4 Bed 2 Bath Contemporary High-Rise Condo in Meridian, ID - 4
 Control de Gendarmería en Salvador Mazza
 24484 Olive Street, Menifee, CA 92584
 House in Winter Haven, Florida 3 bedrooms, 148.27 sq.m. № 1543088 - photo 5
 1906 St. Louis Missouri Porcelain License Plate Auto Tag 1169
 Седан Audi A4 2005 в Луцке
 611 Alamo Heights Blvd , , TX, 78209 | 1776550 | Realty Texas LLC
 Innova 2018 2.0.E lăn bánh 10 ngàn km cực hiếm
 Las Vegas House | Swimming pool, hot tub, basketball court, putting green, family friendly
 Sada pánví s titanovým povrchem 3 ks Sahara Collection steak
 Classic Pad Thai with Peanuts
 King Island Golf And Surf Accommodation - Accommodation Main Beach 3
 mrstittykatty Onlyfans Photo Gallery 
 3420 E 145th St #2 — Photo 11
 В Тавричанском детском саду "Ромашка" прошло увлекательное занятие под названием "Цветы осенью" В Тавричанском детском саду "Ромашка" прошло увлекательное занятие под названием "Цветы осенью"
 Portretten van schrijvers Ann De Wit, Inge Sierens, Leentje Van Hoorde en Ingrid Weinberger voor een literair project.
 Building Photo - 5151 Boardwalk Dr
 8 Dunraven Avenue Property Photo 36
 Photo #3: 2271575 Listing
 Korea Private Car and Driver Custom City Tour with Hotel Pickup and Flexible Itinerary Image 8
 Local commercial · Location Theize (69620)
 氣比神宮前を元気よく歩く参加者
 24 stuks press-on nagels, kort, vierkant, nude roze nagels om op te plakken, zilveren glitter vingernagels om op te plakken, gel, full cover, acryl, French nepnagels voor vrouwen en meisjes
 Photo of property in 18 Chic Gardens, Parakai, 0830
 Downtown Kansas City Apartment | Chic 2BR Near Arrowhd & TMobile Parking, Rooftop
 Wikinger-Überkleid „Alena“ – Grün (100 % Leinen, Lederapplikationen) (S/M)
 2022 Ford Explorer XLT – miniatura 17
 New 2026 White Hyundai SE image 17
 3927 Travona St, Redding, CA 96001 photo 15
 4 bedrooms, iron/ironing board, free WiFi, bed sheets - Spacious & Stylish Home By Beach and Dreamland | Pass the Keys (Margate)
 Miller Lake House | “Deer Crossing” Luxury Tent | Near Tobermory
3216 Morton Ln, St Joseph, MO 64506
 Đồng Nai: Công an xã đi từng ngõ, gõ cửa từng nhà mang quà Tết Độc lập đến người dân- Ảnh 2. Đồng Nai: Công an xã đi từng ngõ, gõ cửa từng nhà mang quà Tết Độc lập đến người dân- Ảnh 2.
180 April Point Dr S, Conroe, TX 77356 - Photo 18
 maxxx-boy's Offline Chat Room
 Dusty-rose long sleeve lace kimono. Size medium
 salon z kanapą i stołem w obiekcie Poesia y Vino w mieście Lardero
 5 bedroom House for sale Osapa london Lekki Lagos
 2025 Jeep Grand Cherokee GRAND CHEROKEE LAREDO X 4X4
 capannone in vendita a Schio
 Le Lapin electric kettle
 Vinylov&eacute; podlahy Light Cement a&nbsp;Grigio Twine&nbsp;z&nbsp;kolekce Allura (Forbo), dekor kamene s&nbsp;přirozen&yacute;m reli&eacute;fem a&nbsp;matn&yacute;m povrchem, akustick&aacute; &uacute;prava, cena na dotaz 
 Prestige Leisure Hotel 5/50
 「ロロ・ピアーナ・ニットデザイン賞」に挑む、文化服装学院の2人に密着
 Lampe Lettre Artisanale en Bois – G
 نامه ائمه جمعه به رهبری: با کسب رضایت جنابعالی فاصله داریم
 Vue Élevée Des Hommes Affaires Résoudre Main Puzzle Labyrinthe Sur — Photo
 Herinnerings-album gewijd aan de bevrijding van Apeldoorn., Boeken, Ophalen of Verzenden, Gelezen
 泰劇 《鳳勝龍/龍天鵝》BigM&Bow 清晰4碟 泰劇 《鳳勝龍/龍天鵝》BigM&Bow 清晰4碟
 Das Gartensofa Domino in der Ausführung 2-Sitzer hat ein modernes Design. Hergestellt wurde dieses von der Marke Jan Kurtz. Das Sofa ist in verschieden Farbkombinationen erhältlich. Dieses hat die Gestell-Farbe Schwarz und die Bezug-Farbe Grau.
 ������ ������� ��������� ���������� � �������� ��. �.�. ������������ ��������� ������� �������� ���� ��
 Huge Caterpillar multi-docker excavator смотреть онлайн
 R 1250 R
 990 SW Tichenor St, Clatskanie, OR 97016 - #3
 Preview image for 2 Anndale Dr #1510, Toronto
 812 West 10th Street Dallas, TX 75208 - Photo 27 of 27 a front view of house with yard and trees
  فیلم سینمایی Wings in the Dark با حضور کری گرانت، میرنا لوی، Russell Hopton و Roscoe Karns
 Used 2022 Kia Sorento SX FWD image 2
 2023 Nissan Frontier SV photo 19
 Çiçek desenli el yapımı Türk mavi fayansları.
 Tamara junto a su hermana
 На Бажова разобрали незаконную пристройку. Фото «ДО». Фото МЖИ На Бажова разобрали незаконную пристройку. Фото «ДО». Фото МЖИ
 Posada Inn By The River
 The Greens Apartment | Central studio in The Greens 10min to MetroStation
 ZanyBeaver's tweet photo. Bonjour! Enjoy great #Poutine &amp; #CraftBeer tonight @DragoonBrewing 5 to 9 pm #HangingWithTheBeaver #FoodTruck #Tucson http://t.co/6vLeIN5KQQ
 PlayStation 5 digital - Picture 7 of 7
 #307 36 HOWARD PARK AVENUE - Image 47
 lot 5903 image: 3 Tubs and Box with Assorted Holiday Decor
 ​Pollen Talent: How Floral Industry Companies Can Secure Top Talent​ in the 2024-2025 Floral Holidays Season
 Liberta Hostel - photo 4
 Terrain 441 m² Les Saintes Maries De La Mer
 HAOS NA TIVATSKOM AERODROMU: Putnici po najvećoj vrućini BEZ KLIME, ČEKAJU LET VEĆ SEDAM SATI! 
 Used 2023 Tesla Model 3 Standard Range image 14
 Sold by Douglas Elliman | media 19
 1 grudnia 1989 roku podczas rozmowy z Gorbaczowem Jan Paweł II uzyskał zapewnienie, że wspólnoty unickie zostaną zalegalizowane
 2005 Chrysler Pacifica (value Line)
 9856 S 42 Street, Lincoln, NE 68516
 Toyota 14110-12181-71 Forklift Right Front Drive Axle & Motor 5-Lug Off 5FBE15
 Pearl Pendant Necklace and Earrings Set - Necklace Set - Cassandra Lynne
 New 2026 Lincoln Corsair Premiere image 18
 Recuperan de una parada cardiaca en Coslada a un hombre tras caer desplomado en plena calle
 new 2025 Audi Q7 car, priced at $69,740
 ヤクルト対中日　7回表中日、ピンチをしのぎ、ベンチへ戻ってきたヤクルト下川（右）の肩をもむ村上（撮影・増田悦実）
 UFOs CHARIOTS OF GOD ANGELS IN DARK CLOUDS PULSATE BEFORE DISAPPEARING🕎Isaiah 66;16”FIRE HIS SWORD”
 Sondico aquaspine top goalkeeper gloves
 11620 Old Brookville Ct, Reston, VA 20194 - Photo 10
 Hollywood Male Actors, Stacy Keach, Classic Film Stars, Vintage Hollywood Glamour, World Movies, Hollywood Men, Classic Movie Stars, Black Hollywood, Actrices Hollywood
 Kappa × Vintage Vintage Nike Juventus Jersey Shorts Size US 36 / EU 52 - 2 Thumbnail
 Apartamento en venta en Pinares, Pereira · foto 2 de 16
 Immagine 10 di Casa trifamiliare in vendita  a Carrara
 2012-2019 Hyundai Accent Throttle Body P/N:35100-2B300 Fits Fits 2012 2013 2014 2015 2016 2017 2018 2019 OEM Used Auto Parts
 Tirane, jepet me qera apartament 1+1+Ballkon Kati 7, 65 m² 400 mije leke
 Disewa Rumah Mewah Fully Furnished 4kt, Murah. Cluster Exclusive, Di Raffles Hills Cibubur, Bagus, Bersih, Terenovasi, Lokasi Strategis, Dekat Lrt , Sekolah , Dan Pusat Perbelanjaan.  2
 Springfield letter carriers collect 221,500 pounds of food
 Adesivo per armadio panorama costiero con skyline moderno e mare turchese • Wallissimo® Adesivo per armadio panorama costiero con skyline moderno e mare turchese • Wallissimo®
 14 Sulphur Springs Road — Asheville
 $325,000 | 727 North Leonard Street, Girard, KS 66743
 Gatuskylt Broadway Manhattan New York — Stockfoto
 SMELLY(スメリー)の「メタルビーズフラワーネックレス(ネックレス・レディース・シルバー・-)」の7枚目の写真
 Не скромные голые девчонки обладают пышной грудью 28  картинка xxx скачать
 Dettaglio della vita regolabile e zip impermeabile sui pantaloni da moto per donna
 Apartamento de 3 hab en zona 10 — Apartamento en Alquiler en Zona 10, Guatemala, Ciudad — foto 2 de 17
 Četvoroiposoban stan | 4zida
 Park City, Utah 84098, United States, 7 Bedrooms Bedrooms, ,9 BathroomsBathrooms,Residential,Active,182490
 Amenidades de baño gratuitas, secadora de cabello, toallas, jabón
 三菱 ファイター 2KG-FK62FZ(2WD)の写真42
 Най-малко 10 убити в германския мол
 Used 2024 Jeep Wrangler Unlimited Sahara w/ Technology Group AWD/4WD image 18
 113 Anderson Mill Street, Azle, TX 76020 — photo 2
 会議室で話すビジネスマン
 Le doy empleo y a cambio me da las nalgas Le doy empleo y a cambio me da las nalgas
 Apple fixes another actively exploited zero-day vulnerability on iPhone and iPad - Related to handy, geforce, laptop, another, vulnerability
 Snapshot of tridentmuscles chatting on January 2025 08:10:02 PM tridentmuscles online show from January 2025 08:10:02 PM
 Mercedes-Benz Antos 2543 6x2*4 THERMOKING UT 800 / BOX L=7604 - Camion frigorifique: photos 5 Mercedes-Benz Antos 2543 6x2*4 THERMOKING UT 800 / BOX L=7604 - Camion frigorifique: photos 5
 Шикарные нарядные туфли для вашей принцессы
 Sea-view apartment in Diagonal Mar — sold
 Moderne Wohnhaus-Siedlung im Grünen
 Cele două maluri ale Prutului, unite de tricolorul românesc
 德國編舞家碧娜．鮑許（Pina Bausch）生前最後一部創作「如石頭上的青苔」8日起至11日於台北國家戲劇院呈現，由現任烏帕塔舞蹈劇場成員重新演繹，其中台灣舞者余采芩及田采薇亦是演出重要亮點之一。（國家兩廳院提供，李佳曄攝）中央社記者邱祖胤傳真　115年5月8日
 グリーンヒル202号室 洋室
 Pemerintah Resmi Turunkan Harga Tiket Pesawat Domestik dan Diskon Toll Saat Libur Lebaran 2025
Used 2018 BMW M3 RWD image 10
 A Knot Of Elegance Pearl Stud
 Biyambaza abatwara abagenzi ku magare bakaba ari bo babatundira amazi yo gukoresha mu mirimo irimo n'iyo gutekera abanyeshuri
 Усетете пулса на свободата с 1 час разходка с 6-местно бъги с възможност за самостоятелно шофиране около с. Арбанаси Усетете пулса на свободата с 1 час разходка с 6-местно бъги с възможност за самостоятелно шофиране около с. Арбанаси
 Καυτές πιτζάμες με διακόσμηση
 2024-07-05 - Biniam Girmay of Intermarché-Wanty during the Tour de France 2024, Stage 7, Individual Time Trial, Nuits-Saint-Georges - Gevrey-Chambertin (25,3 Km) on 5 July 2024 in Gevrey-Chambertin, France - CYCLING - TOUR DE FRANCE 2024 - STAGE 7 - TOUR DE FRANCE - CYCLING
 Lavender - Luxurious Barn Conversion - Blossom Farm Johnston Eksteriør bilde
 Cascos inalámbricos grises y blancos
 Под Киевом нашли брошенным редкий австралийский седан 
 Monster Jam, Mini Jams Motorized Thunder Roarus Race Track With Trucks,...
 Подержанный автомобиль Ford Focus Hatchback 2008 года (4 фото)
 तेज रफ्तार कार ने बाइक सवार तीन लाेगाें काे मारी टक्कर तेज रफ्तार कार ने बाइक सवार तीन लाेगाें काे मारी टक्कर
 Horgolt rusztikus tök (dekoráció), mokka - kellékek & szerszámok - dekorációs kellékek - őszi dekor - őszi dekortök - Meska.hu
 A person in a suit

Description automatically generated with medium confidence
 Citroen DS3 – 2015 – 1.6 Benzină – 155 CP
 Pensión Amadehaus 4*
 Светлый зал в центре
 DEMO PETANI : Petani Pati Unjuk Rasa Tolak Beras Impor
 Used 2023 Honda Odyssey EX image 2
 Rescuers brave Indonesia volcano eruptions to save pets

■ ■ ■ ■ ■

TASK TO CARRY OUT: Nothing but the lines above from the one containing "Herinnerings-album gewijd aan" through the one containing "Tamara junto a su hermana" should appear in the answer, each repeated exactly.

TASK ANSWER:
 Herinnerings-album gewijd aan de bevrijding van Apeldoorn., Boeken, Ophalen of Verzenden, Gelezen
 泰劇 《鳳勝龍/龍天鵝》BigM&Bow 清晰4碟 泰劇 《鳳勝龍/龍天鵝》BigM&Bow 清晰4碟
 Das Gartensofa Domino in der Ausführung 2-Sitzer hat ein modernes Design. Hergestellt wurde dieses von der Marke Jan Kurtz. Das Sofa ist in verschieden Farbkombinationen erhältlich. Dieses hat die Gestell-Farbe Schwarz und die Bezug-Farbe Grau.
 ������ ������� ��������� ���������� � �������� ��. �.�. ������������ ��������� ������� �������� ���� ��
 Huge Caterpillar multi-docker excavator смотреть онлайн
 R 1250 R
 990 SW Tichenor St, Clatskanie, OR 97016 - #3
 Preview image for 2 Anndale Dr #1510, Toronto
 812 West 10th Street Dallas, TX 75208 - Photo 27 of 27 a front view of house with yard and trees
  فیلم سینمایی Wings in the Dark با حضور کری گرانت، میرنا لوی، Russell Hopton و Roscoe Karns
 Used 2022 Kia Sorento SX FWD image 2
 2023 Nissan Frontier SV photo 19
 Çiçek desenli el yapımı Türk mavi fayansları.
 Tamara junto a su hermana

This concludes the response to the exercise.